If you are new to TensorFlow, you may have seen this before:

The TensorFlow library wasn't compiled to use SSE4.2 instructions, but these are available on your machine and could speed up CPU computations.
The TensorFlow library wasn't compiled to use AVX instructions, but these are available on your machine and could speed up CPU computations.
The TensorFlow library wasn't compiled to use AVX2 instructions, but these are available on your machine and could speed up CPU computations.
The TensorFlow library wasn't compiled to use FMA instructions, but these are available on your machine and could speed up CPU computations.

The TensorFlow authors wanted to build a binary that would support as many machines as possible, which also means that the code runs sub-optimally on individual machines like mine. Many machines support instruction sets like SSE, AVX, and FMA, which provide floating-point operations, vector operations, and fused multiply-add operations, all of which are relevant for computation graph frameworks like TensorFlow. They need to be applied by building TensorFlow from source, and by setting some compiler options.

Using these instruction sets is actually hugely valuable for beginners, if you run lots of experiments on your machine, and don’t want to fork out hundreds of dollars for an EC2 or Google Cloud instance. Even though I only experienced a roughly 2x speedup on my benchmarks, some report 4x to 8x speedups. Even though this is clearly hugely valuable, all of the tutorials I could find were way more complex than they needed to be.

For reference, I’m using a 2016 Macbook Pro on macOS Sierra.

Prerequisites

You will need to install Bazel, an open-source build and test tool. Install instructions are here.

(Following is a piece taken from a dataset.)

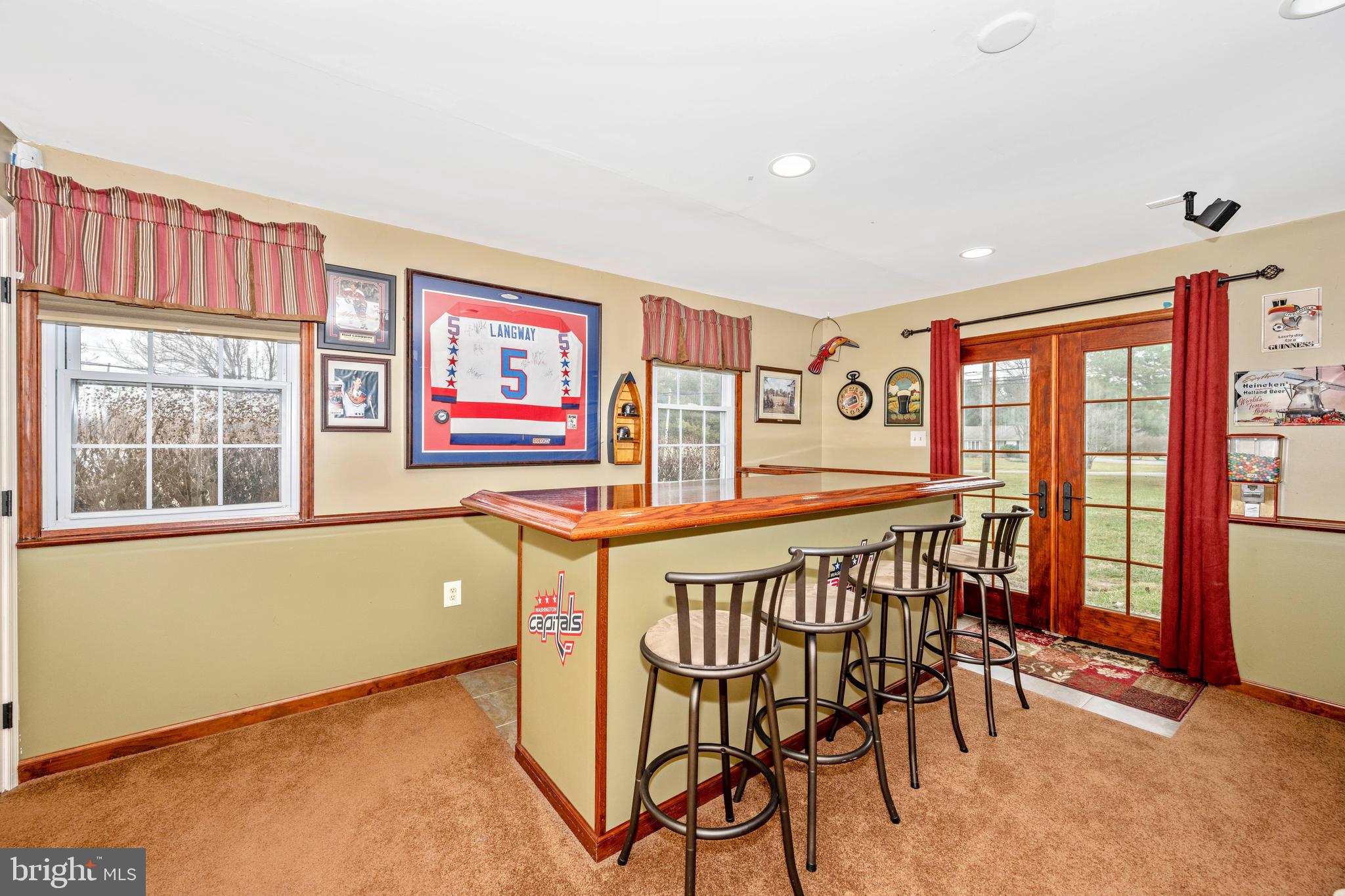 5839 Adamstown Road Adamstown, MD 21710 - Photo 23 of 43 Rec. Room/ Game room Bar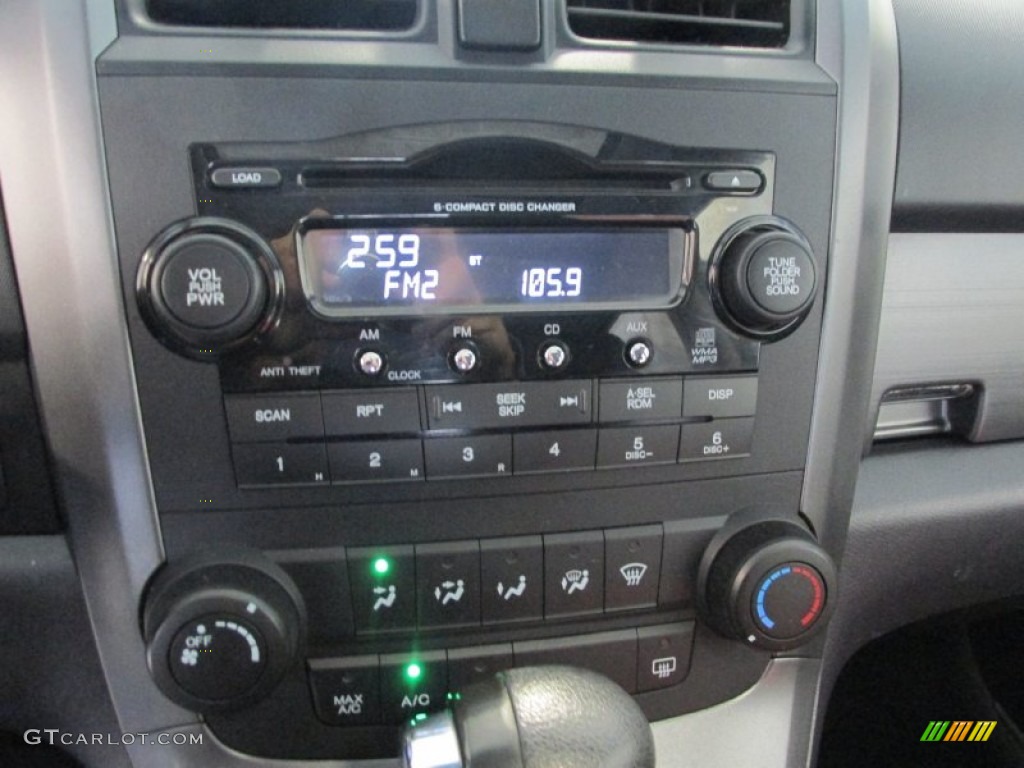 2007 CR-V EX 4WD - Royal Blue Pearl / Black photo #12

Also, you will need to know what instruction sets your machine supports. To find this, open up a Python interpreter and run:

>>> import tensorflow as tf
>>> tf.Session()
The TensorFlow library wasn't compiled to use SSE4.2 instructions, but these are available on your machine and could speed up CPU computations.
The TensorFlow library wasn't compiled to use AVX instructions, but these are available on your machine and could speed up CPU computations.
The TensorFlow library wasn't compiled to use AVX2 instructions, but these are available on your machine and could speed up CPU computations.
The TensorFlow library wasn't compiled to use FMA instructions, but these are available on your machine and could speed up CPU computations.

Note these for later.

Installing TensorFlow from source

Clone the TensorFlow repository.

git clone https://github.com/tensorflow/tensorflow
cd tensorflow

Earlier, we found which architectures your machine supports. Construct a space-separated string, like the following:

--copt=-mavx --copt=-mavx2 --copt=-mfma --copt=-msse4.2

--copt=-mavx corresponds to AVX instructions
--copt=-mavx2 corresponds to AVX2 instructions
--copt=-mfma corresponds to FMA instructions
--copt=-msse4.2 corresponds to SSE4.2 instructions
Also, if you want to have GPU support, you will need to include CUDA. Add --config=cuda here.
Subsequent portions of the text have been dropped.